Following a string of critically acclaimed albums, most notably Cabeça Dinossauro (1986), and Jesus não Tem Dentes no País dos Banguelas (1987), Antunes left the band in 1992 to pursue a solo career. The band continued as a seven piece, releasing Acústico MTV in 1997 and Volume Dois in 1998, both of which were commercially successful. Fromer died in 2001 after being hit by a motorist, and Reis left the band a year later. Gavin and Miklos left in 2010 and 2016 respectively, turning the band into a trio. From 2023 to 2024, Reis, Gavin, Miklos, and Antunes briefly rejoined the band as touring members.

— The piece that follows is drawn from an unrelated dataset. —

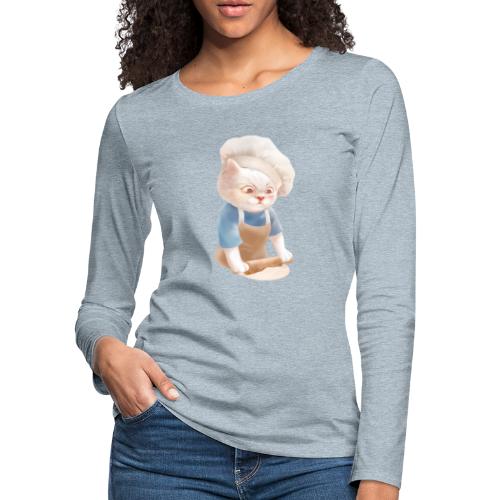 Cat In Chef Hat Rolling Dough at Kitchen - Women's Premium Slim Fit Long Sleeve T-Shirt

Titãs are one of the most successful rock bands in Brazil, having sold more than 6.3 million albums as of 2005. The band's songs have been covered by several well-known Brazilian artists and international singers. They were awarded a Latin Grammy in 2009 and have won four Imprensa Trophies for Best Band.

== History ==
=== 1981-1982: Background and previous activities ===
Most of the band members (except for guitarist Tony Bellotto, who came from Assis to live in São Paulo while studying Architecture in Santos; and drummer Charles Gavin) met at Colégio Equipe in São Paulo at the end of the seventies. The first to be enrolled was vocalist/keyboardist Sérgio Britto, followed by vocalists Arnaldo Antunes and Paulo Miklos and lastly vocalists Branco Mello, Ciro Pessoa and Nando Reis and guitarist Marcelo Fromer.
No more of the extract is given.